静缘师太身贴着墙,站在阴影里。官兵着实太多了,她没有把握能完全不被人发现悄然到达安若芳居处,若是被人发现,安若芳的行踪会暴露,但她不去,官兵这般搜捕,安若芳也非常危险。
静缘师太握紧了剑,内心非常矛盾。靠近她,想护着她,但护着了,却也没办法带着她全身而退。
究竟,还是害了她吗?不该想念她,不该来找她。她被人跟踪,惹了猜疑,所以才有了这场围剿。难道那悲剧还会重来一遍?
静缘师太在黑夜中移动,朝着安若芳的方向。她没办法一走了之,不能接受那孩子被人劫走残害的结果。就算最后大家仍是一死,起码她在她活着的时候曾拼尽全力,哪怕赔上性命。
姚文海与门外的衙差都静止不动。外头的声响他听到了,但他有些闹不清是怎么回事。他紧张地盯着门,防备着。
但门外却是没了动静。没人敲门,没人喊话,亦没人踹门。
姚文海等啊等,并不知道门外的那两个衙差走开了。他们听到其他衙差的招呼,决定到巷口先看看情形。好奇心人皆有之,搜屋可以等等,但究竟发生了什么,好想马上知道。
衙差们从安若芳这院子门前走过去,他们只要走进来一看,便能发现墙根下的小姑娘。但他们没有。他们径直走了过去,安若芳能看到他们走过门外的背影,紧贴着墙的后背恨不得陷到墙里去。
安若芳也等了好一会。这一会没多长,却极艰难。她想知道隔壁如何了,姚文海如何了。没听到声音,她不确定他如何了。是不是衙门没进屋,他为什么不爬过来?

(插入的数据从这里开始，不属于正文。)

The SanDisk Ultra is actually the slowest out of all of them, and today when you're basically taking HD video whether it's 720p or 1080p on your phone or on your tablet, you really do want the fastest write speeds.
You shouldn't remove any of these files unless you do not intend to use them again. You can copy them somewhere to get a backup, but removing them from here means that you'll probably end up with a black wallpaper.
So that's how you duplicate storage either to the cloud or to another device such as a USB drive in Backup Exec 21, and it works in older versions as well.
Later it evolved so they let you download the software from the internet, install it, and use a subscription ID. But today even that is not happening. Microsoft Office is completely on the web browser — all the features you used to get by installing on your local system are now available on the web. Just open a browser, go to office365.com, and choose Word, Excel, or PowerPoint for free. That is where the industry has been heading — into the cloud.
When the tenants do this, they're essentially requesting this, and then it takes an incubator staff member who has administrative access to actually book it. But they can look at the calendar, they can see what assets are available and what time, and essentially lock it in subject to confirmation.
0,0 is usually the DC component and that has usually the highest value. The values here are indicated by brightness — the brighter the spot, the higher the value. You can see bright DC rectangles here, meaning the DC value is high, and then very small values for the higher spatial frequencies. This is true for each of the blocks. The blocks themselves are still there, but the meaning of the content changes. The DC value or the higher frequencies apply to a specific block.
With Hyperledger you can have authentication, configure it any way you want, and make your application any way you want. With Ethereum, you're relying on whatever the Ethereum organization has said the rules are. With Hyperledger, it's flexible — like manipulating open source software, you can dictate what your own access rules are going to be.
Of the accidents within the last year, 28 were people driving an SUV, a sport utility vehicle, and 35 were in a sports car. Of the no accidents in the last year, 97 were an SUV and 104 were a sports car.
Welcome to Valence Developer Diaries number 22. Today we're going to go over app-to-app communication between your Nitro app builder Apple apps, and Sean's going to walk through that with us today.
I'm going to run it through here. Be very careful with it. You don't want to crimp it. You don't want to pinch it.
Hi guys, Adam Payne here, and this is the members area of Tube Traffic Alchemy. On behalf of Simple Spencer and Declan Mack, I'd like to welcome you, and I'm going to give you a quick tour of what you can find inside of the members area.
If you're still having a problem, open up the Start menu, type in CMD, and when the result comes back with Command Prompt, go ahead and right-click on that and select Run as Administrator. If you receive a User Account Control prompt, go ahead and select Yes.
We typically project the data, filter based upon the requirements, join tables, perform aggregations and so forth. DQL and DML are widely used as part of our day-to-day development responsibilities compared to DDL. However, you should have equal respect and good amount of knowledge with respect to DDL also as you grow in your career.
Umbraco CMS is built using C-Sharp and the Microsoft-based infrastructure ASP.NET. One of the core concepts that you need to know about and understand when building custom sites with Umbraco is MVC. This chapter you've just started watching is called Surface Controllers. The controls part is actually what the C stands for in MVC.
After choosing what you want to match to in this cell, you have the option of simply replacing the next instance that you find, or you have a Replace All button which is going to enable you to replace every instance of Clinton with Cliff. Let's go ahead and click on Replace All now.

姚文海也在挣扎要不要爬。万一他刚攀上墙院门就开了怎么办?外头究竟有没有人?他们在等什么?
两个孩子隔着墙静立好一会。姚文海决定冒险爬墙试试。安若芳打算给姚文海提个醒。
姚文海往柴堆去,为了不闹出动静来,他动作慢慢的,轻轻的。安若芳个子矮,脚下没垫的上不了墙头,不敢拍墙喊叫,于是她猫腰在地上找石子。
一个人影在隔壁屋顶伏身爬走,探头查看着各院情形。正待要路过这个已经被查过的屋院时,被暗影里一个在地上爬动的小身影吸引了目光。
屋顶人影伏下身观察着,正巧那小身影直起身来,二人四目相对。
安若芳吓得倒吸一口冷气。她被发现了!紧接着她看到那人的目光越过她往她身后的墙上去。她随着那视线一转头,看到攀上墙头的姚文海。
姚文海看到墙上安若芳惊恐的眼神,后脊背一冷,直觉到了发生什么事。他抬眼,也看到那屋顶上的人。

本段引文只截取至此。